**What is expected**:
Send back the line that contains "bengaluru-kannada-actor-firing-incident" and all lines following it through the end of the data below, exactly, omitting pictures.

**Input material**:

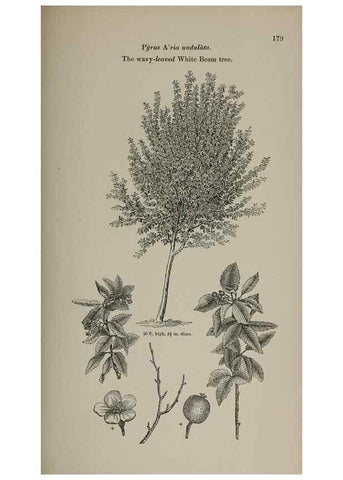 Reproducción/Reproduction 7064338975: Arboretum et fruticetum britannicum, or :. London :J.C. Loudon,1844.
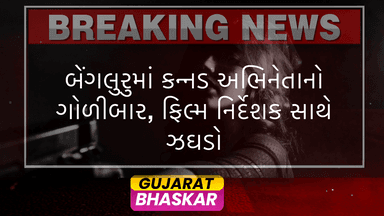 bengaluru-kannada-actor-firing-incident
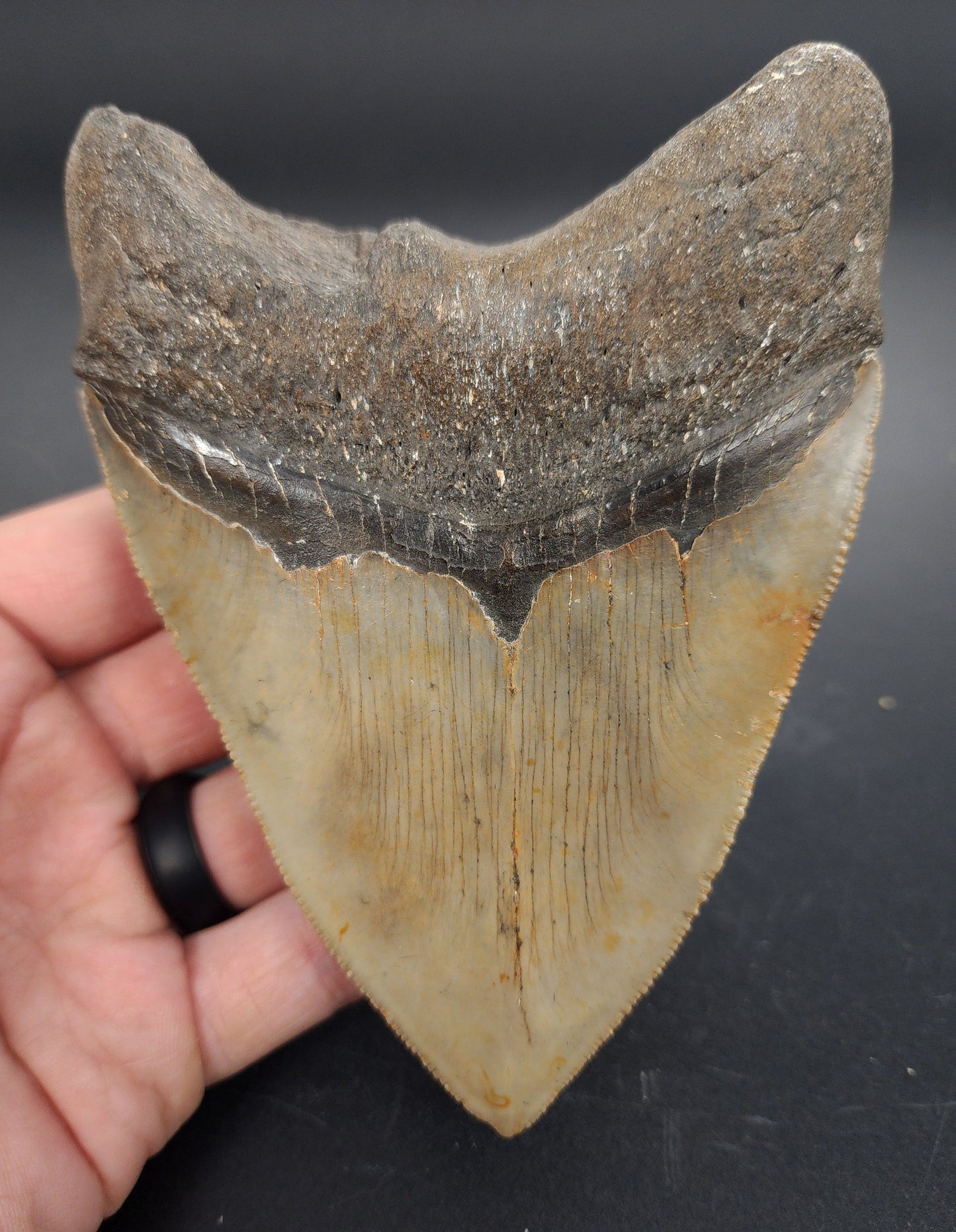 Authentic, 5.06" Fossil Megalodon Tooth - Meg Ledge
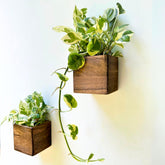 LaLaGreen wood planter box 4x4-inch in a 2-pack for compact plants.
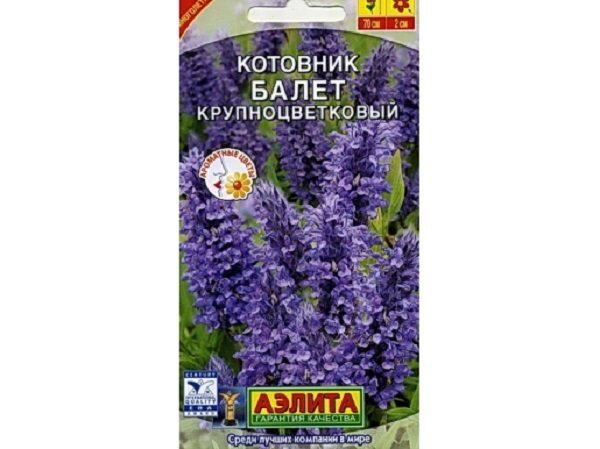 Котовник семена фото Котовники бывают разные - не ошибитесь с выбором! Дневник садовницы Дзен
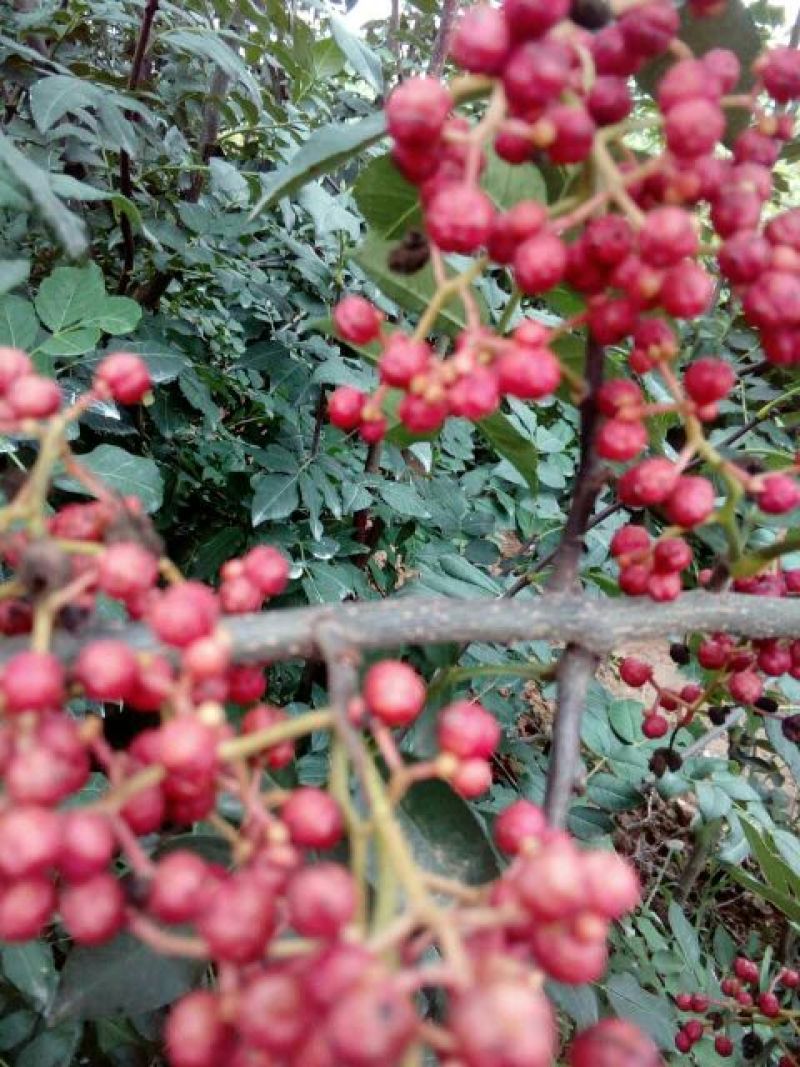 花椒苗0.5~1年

**Answer section**:
 bengaluru-kannada-actor-firing-incident
 Authentic, 5.06" Fossil Megalodon Tooth - Meg Ledge
 LaLaGreen wood planter box 4x4-inch in a 2-pack for compact plants.
 Котовник семена фото Котовники бывают разные - не ошибитесь с выбором! Дневник садовницы Дзен
 花椒苗0.5~1年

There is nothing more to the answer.